§ Brief: Retype, exactly as written, every line from the one containing "Covert House |" through the last line of the records below, both included; skip the pictures.

§ Task data:
=== Section Start ===

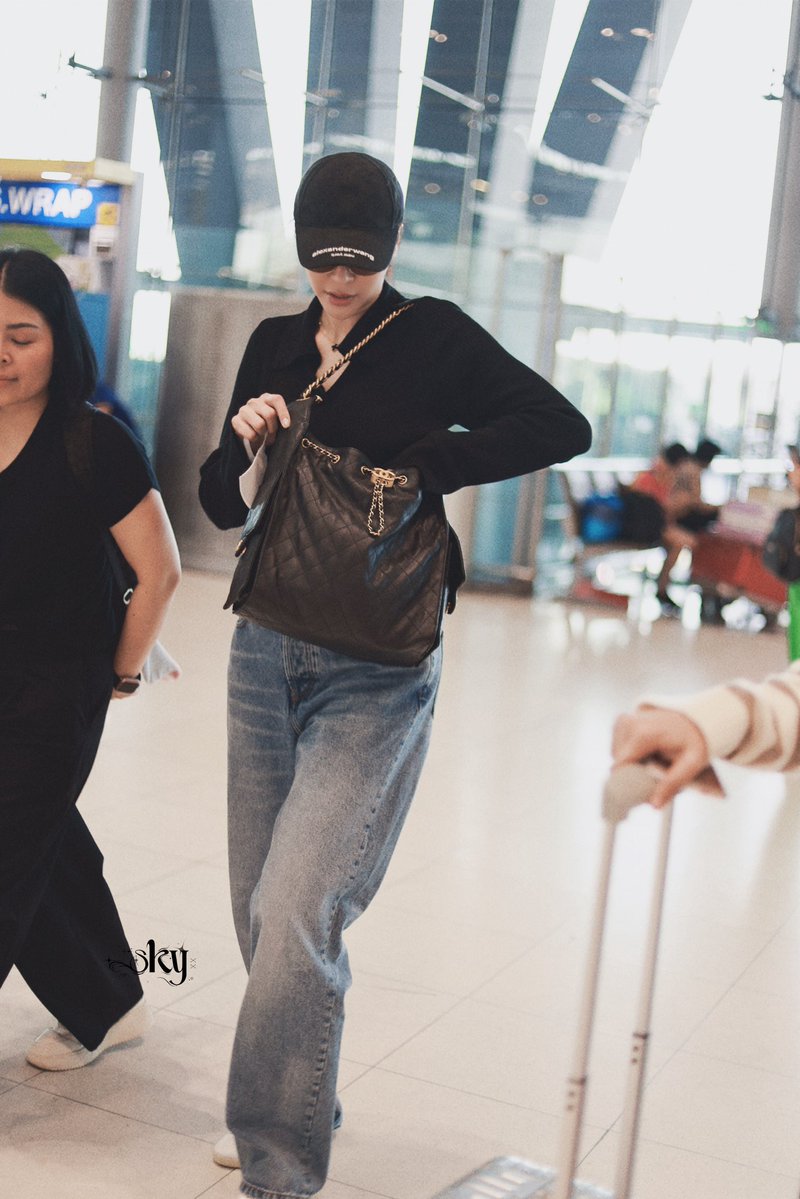 fayebrasilofc's tweet image. AeroFaye ON! ✈️💛

Faye já partiu de Bangkok rumo à Arábia Saudita para brilhar no Red Sea International Film Festival. 

Linda 😍

📷 Sky via X

FAYE DAZZLING DEC3
#FayePeraya 
#ฝ้ายพีรญา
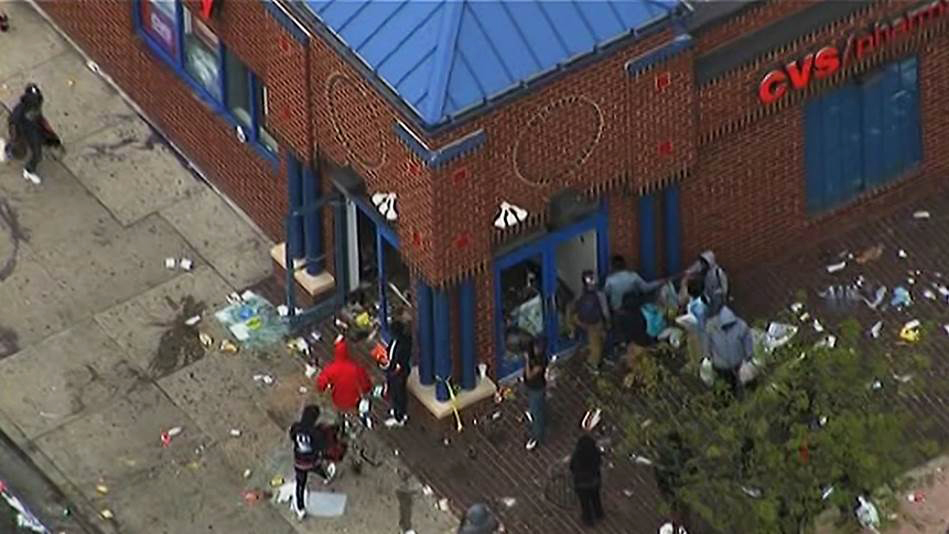 Suspect Dies Baltimore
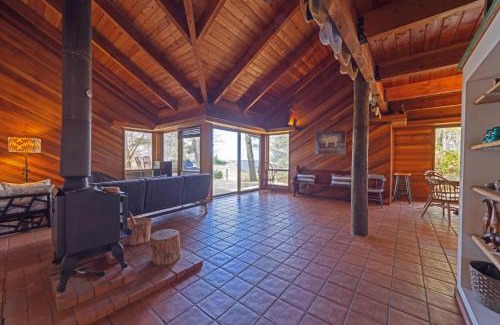 Covert House | Whispering Bluff - Private Beach - Pet Friendly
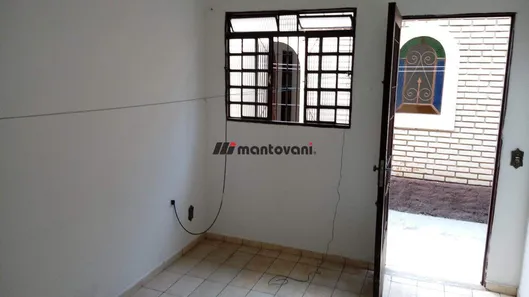Casa com 3 Quartos à venda, 283m² no Vila Bertioga, São Paulo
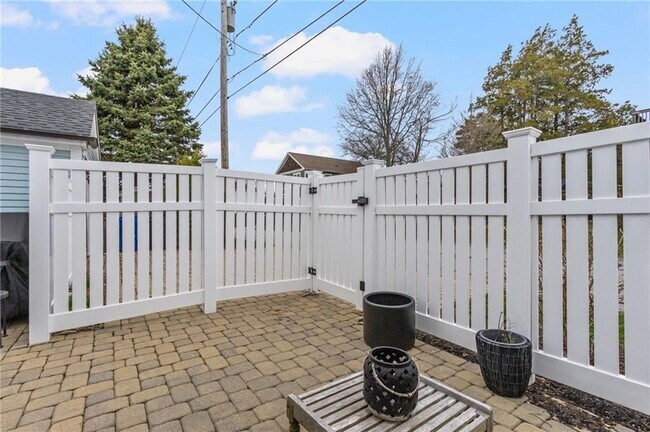 Foto del edificio - 11 Eustis Ave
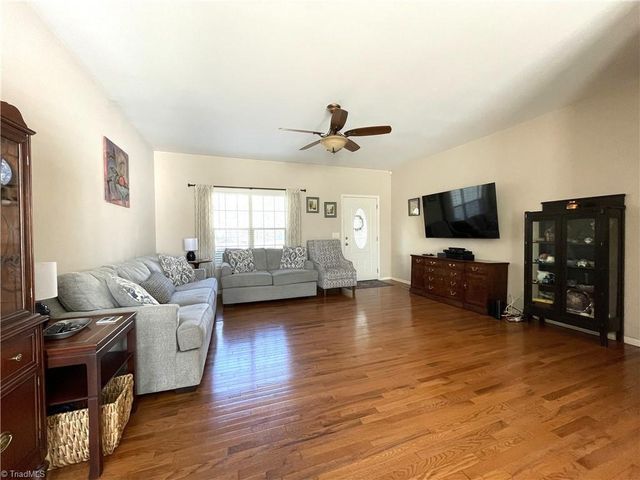 6715 Hockett Country Lane, Pleasant Garden, NC 27313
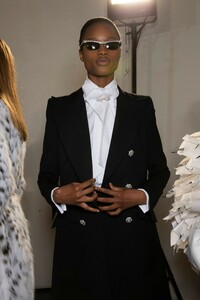 backstage-defile-alexandre-vauthier-printemps-ete-2019-paris-coulisses-41.thumb.jpg.47c71f96f627a84975ed5256f7784413.jpg
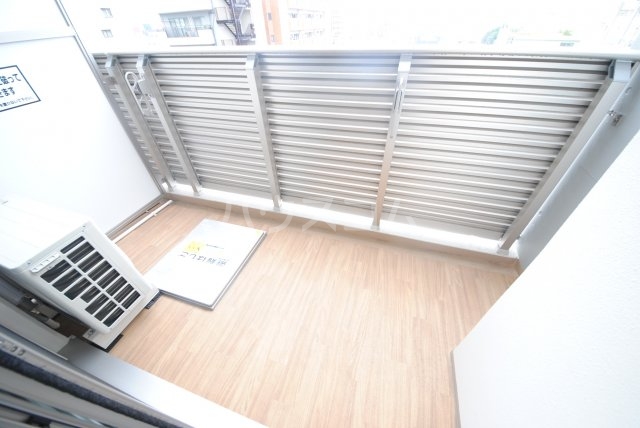 21/30 バルコニー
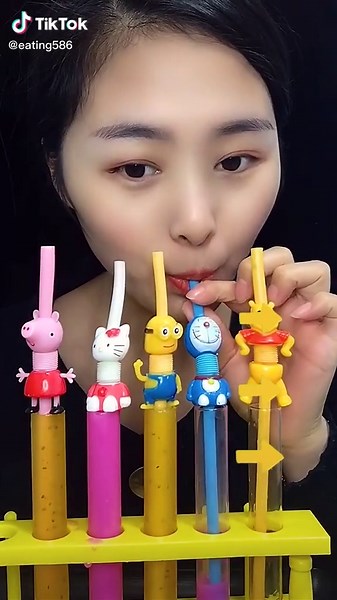 #eating #eat Do you hear the birds ?#GetCrocd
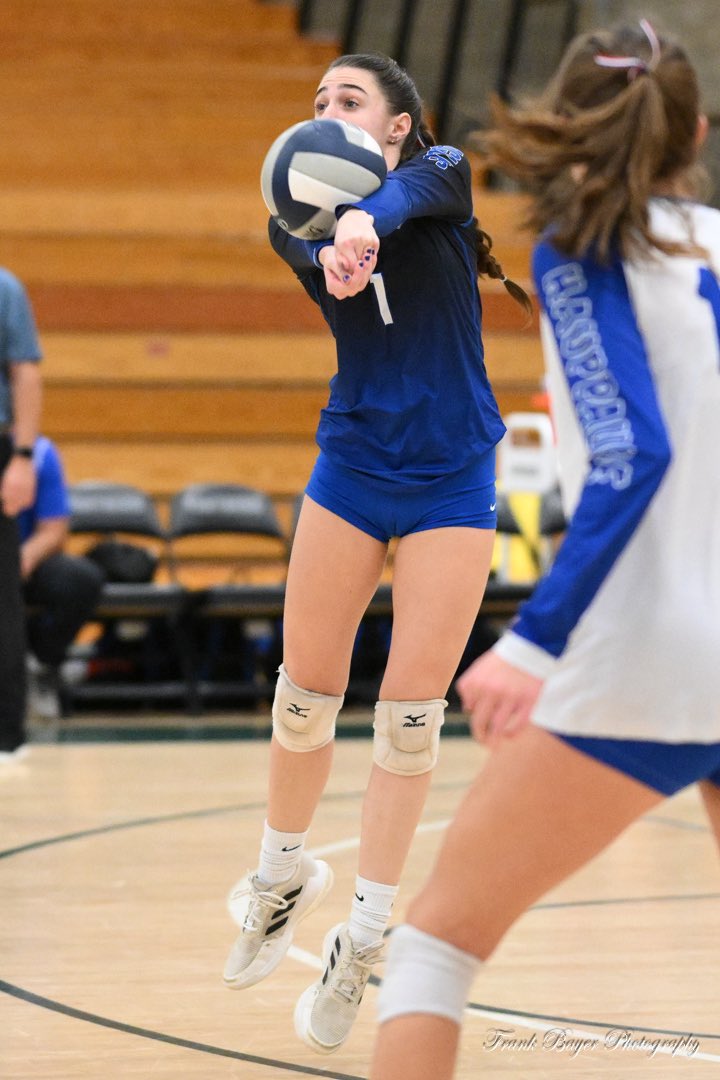 FBayerPhoto's tweet photo. Congratulations to the Hauppauge Girls Varsity Volleyball team on an amazing season. @HPS_Eagles @HPSAthletics https://t.co/jAQNZRrmSq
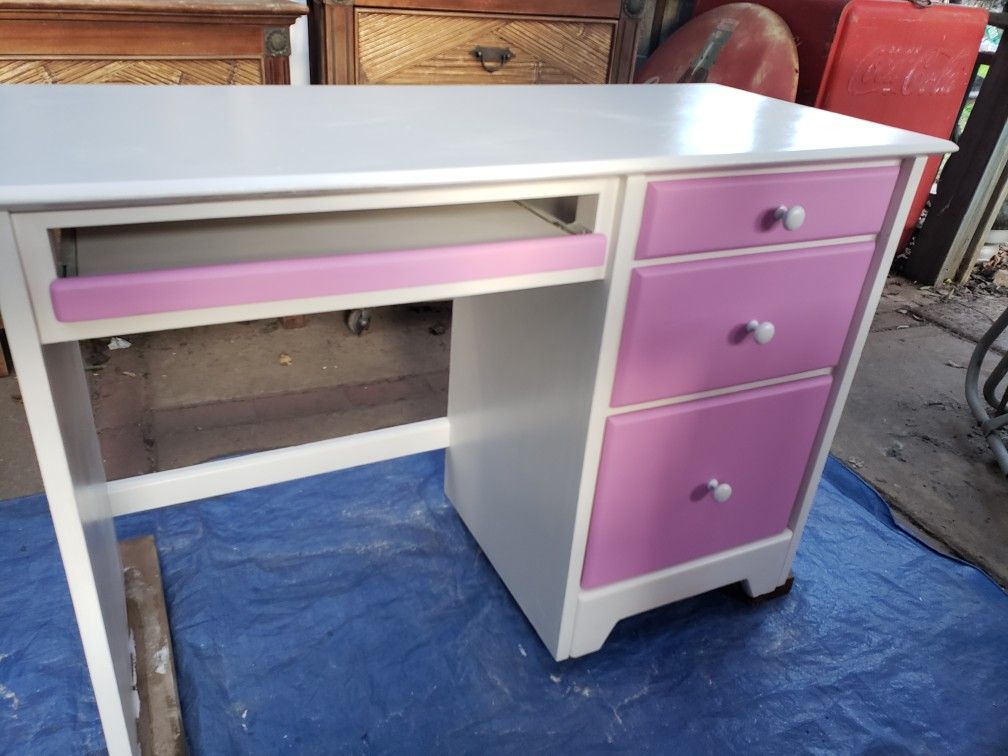 Student Desk for Sale in Riverside, CA OfferUp
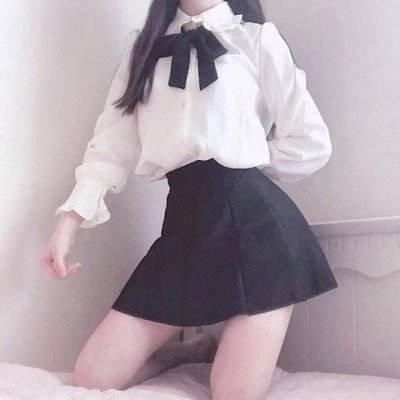 俄一士兵在库皮扬斯克附近的战斗中独自背负30多名伤员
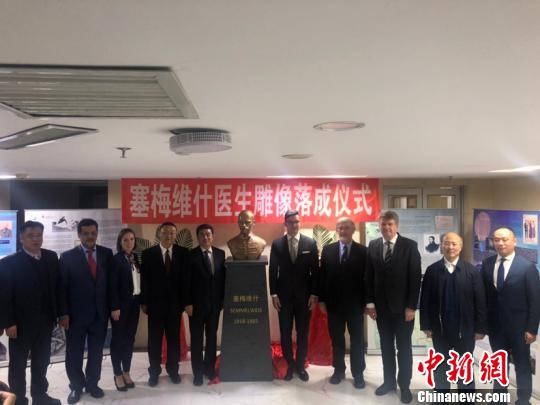 图为匈牙利塞梅维什医生雕像落成仪式现场。(史轶夫摄)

=== Section End ===

§ The completed task:
 Covert House | Whispering Bluff - Private Beach - Pet Friendly
Casa com 3 Quartos à venda, 283m² no Vila Bertioga, São Paulo
 Foto del edificio - 11 Eustis Ave
 6715 Hockett Country Lane, Pleasant Garden, NC 27313
 backstage-defile-alexandre-vauthier-printemps-ete-2019-paris-coulisses-41.thumb.jpg.47c71f96f627a84975ed5256f7784413.jpg
 21/30 バルコニー
 #eating #eat Do you hear the birds ?#GetCrocd
 FBayerPhoto's tweet photo. Congratulations to the Hauppauge Girls Varsity Volleyball team on an amazing season. @HPS_Eagles @HPSAthletics https://t.co/jAQNZRrmSq
 Student Desk for Sale in Riverside, CA OfferUp
 俄一士兵在库皮扬斯克附近的战斗中独自背负30多名伤员
 图为匈牙利塞梅维什医生雕像落成仪式现场。(史轶夫摄)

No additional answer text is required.